Pinski Francis J
Department of Physics, University of Cincinnati, Cincinnati, OH 45221, USA.
Entropy (Basel). 2021 Apr 22;23(5):499. doi: 10.3390/e23050499.
To sample from complex, high-dimensional distributions, one may choose algorithms based on the Hybrid Monte Carlo (HMC) method. HMC-based algorithms generate nonlocal moves alleviating diffusive behavior. Here, I build on an already defined HMC framework, hybrid Monte Carlo on Hilbert spaces (Beskos, et al. 2011), that provides finite-dimensional approximations of measures π, which have density with respect to a Gaussian measure on an infinite-dimensional Hilbert (path) space. In all HMC algorithms, one has some freedom to choose the mass operator. The novel feature of the algorithm described in this article lies in the choice of this operator. This new choice defines a Markov Chain Monte Carlo (MCMC) method that is well defined on the Hilbert space itself. As before, the algorithm described herein uses an enlarged phase space Π having the target π as a marginal, together with a Hamiltonian flow that preserves Π. In the previous work, the authors explored a method where the phase space π was augmented with Brownian bridges. With this new choice, π is augmented by Ornstein-Uhlenbeck (OU) bridges.

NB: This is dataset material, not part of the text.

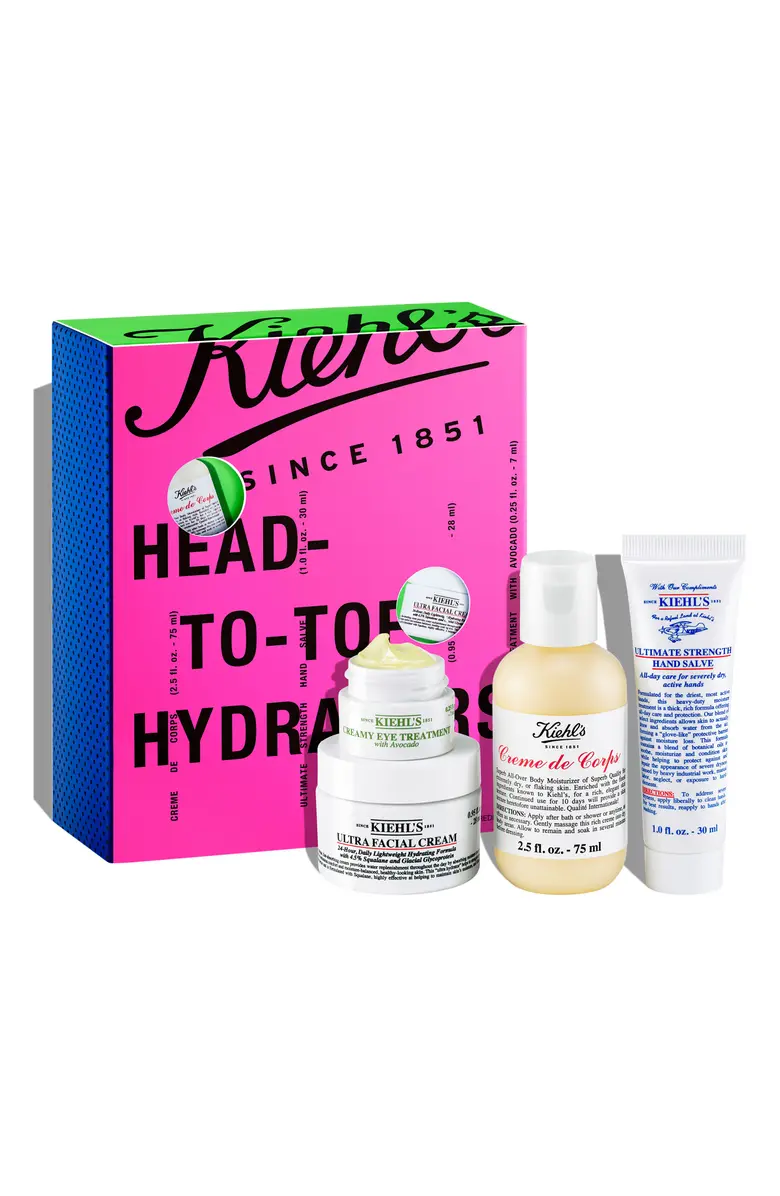 Kiehl’s Head-to-Toe Hydrators Set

The covariance of Brownian bridges grows with its length, which has negative effects on the acceptance rate in the MCMC method. This contrasts with the covariance of OU bridges, which is independent of the path length. The ingredients of the new algorithm include the definition of the mass operator, the equations for the Hamiltonian flow, the (approximate) numerical integration of the evolution equations, and finally, the Metropolis-Hastings acceptance rule. Taken together, these constitute a robust method for sampling the target distribution in an almost dimension-free manner. The behavior of this novel algorithm is demonstrated by computer experiments for a particle moving in two dimensions, between two free-energy basins separated by an entropic barrier.

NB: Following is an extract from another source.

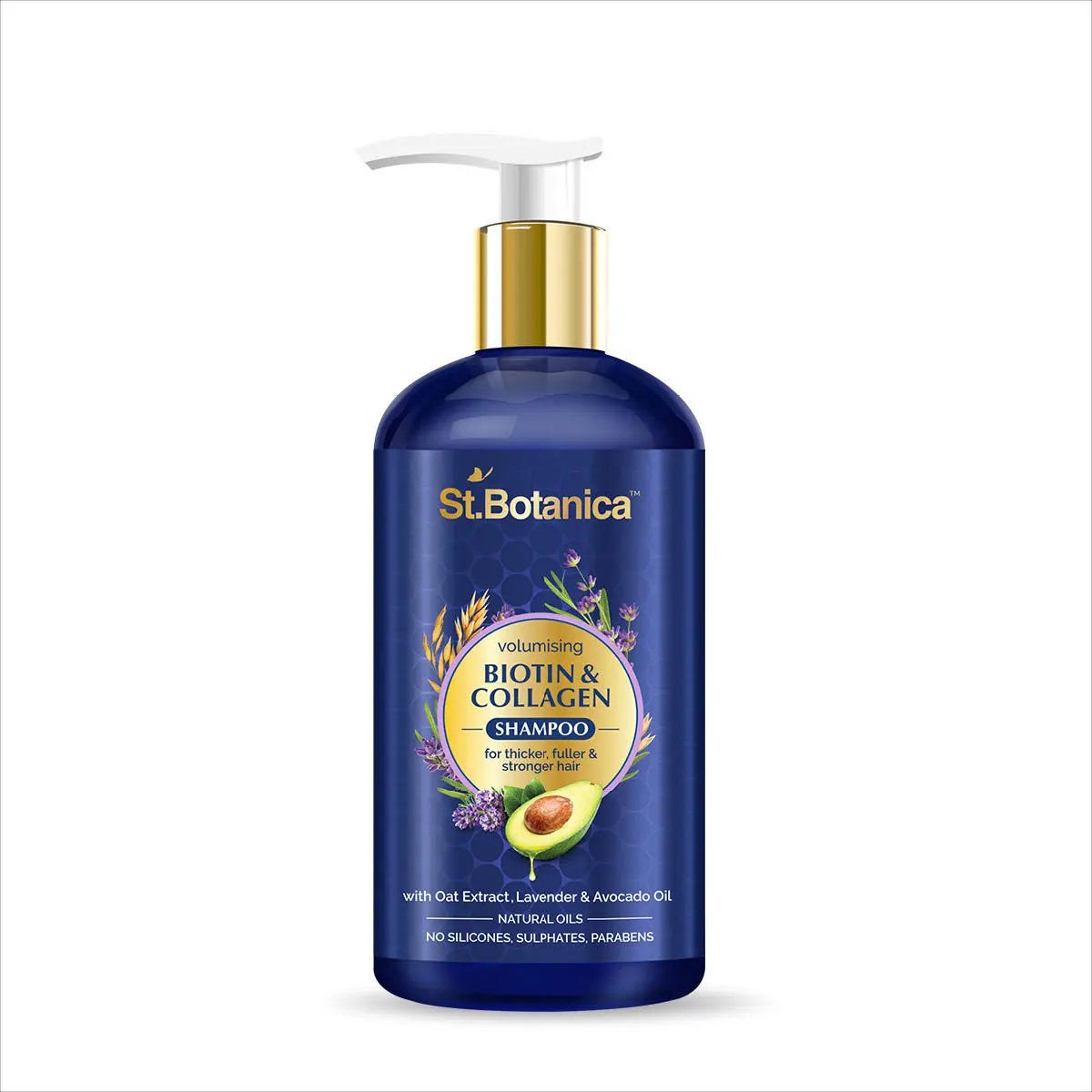 St.Botanica Biotin & Collagen Volumizing Shampoo (300 ml)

为了从复杂的高维分布中进行采样,可以选择基于混合蒙特卡罗(HMC)方法的算法。基于HMC的算法会生成非局部移动,从而减轻扩散行为。在此,我基于一个已经定义好的HMC框架,即希尔伯特空间上的混合蒙特卡罗方法(Beskos等人,2011年),该框架提供了测度π的有限维近似,π相对于无限维希尔伯特(路径)空间上的高斯测度具有密度。在所有HMC算法中,人们在选择质量算子方面有一定的自由度。本文所描述算法的新颖之处在于该算子的选择。这种新的选择定义了一种在希尔伯特空间本身定义良好的马尔可夫链蒙特卡罗(MCMC)方法。和以前一样,本文所描述的算法使用一个扩大的相空间Π,其边际为目标π,以及一个保持Π的哈密顿流。在之前的工作中,作者探索了一种用布朗桥增强相空间π的方法。通过这种新的选择,π由奥恩斯坦 - 乌伦贝克(OU)桥增强。布朗桥的协方差随其长度增长,这对MCMC方法中的接受率有负面影响。这与OU桥的协方差形成对比,OU桥的协方差与路径长度无关。新算法的要素包括质量算子的定义、哈密顿流的方程、演化方程的(近似)数值积分,以及最后,梅特罗波利斯 - 黑斯廷斯接受规则。综上所述,这些构成了一种以几乎无维度的方式对目标分布进行采样的稳健方法。通过计算机实验展示了这种新颖算法对于在二维中运动的粒子在由熵垒分隔的两个自由能盆地之间的行为。